Bab 4

1.2K 91 0
                                    


"Produk kosmetik yang kita luncurkan akan sangat laku di pasaran. Karena selain harga, kualitas barang yang ditawarkan juga sangat sesuai selera para remaja."

"Benar, harga yang terjangkau dan berkualitas tinggi adalah incaran remaja zaman sekarang." Adwithya mengambil salah satu sampel perona pipi bertekstur padat yang dikemas dalam kotak segiempat mini dilengkapi sebuah cermin. "Hanya saja, kita juga harus mempertimbangkan bahwa selain harga dan kualitas barang, sasaran pengguna kita adalah remaja yang senang dengan kosmetik simpel dan mudah di bawa ke mana-mana."

Sekretaris Li mengangguk setuju. "Bentuk ini terlalu jadul, gampang pecah ketika jatuh, sehingga tidak leluasa dibawa ke mana-mana. Untuk menarik minat remaja kita perlu terobosan baru."
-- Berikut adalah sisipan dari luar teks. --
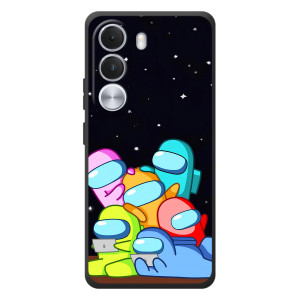 Чехол Амонг Ас для Realme C100i (AlphaPrint)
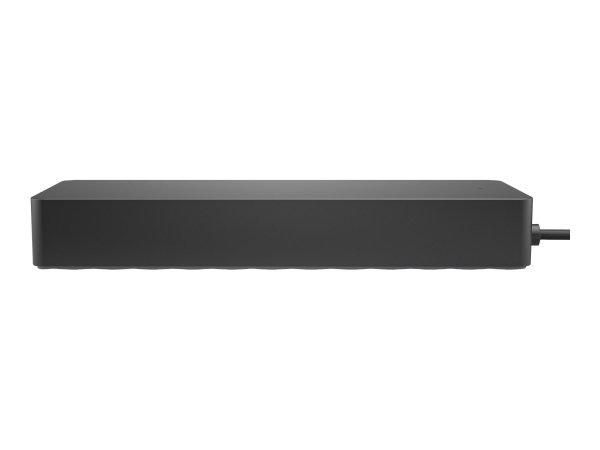 HP Universal USB-C Multiport Hub - Docking - USB 3.2 Gen 2 (3.1 Gen 2) Type-C - Nero - DisplayPort -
"Bagaimana jika bentuk padat kita ubah menjadi cair dan dikemas dalam bentuk saset-saset lucu beranimasi. Anak-anak muda akan menyukai ini." Wanita bercelana kain hitam panjang yang merupakan penanggung jawab dalam pemasaran produk angkat bicara.

Berpikir sejenak, Adwithya mencoba berimajinasi dengan apa yang disampaikan pegawainya. "Itu mungkin terobosan yang bagus. Kalau begitu lakukan seperti yang kau katakan. Pastikan dalam tiga bulan produk ini bisa launching di pasaran."

"Baik, Presdir."

"Kalau begitu, sampai di sini rapat kita. Kalian bisa kembali ke departemen masing-masing."

Semua yang ada di ruang rapat serempak berdiri dan memberi hormat pada Adwithya. "Terima kasih, Presdir."

Menghela napas panjang, Adwithya memejamkam mata dengan kepala bersandar di kursi. Rapat kedua berakhir juga. Dengan sorot mata lelah memandang Sekretaris Li. "Apa lagi jadwalku selanjutnya?"

Membukan tabletnya, Sekretaris Li tampak serius membaca rangkaian kegiatan yang sudah ia jadwalkan. "Karena rapat bersama tuan Himamura dari Jepang diundur minggu depan, ini adalah rapat terakhir. Selanjutnya tidak ada lagi yang harus diurus. Penandatangan kontrak sudah dibereskan kemarin."

"Baguslah. Ayo kita pulang."

"Baik, Nyonya."

***

Turun dari mobil, Adwithya melihat pelayannya berkumpul membentuk kerumunan. Ada yang berteriak meminta air, ada pula yang mengatakan maaf berulang kali. Begitu sibuk hingga mereka yang biasa menunggu dengan hormat mendadak tidak memedulikan kehadiran nyonya rumah.

"Apa yang terjadi?" Menatap Sekretaris Li yang juga memasang tampang bingung dan bertanya-tanya. "Apa mereka sedang bermain?"

"Mungkin saja."

"Ya, aku sudah lama tidak membawa liburan," kelakar Adwithya, sedikit menahan tawa. Namun ketika kerumunan itu memberi celah untuk ia melihat dengan jelas apa yang terjadi, emosinya tidak terkendali. "Apa ini?"

Widyanatha tergeletak dengan kedua lutut terluka. Sementara Bibi Wei membersihkannya dari kerikil kecil dan pasir yang bercampur darah dengan handuk kecil. Para pelayan bergetar ketakutan melihat kehadiran Adwithya. "Maafkan kami, Nyonya. Tuan jarang melintasi taman samping, jadi kami belum memindahkan pot-pot bunga dan membereskan batu-batu maupun lubang yang dulu digunakan sebagai hiasan."

Plak!

Satu tamparan menjadi hadiah atas kelalaian. Adwithya menatap mereka semua dengan marah. "Bukankah sudah kukatakan untuk menyingkirkan semua barang yang bisa membuatnya tersandung dan jatuh?! Tidak peduli itu taman belakang, samping, atau depan. Tidak ada pengecualian!"

"Maafkan kami, Nyonya." Gadis-gadis muda itu saling tatap satu sama lain, setelah salah satu dari mereka menerima tamparan.

"Bibi Wei, apakah begini caramu mendisiplinkan mereka?"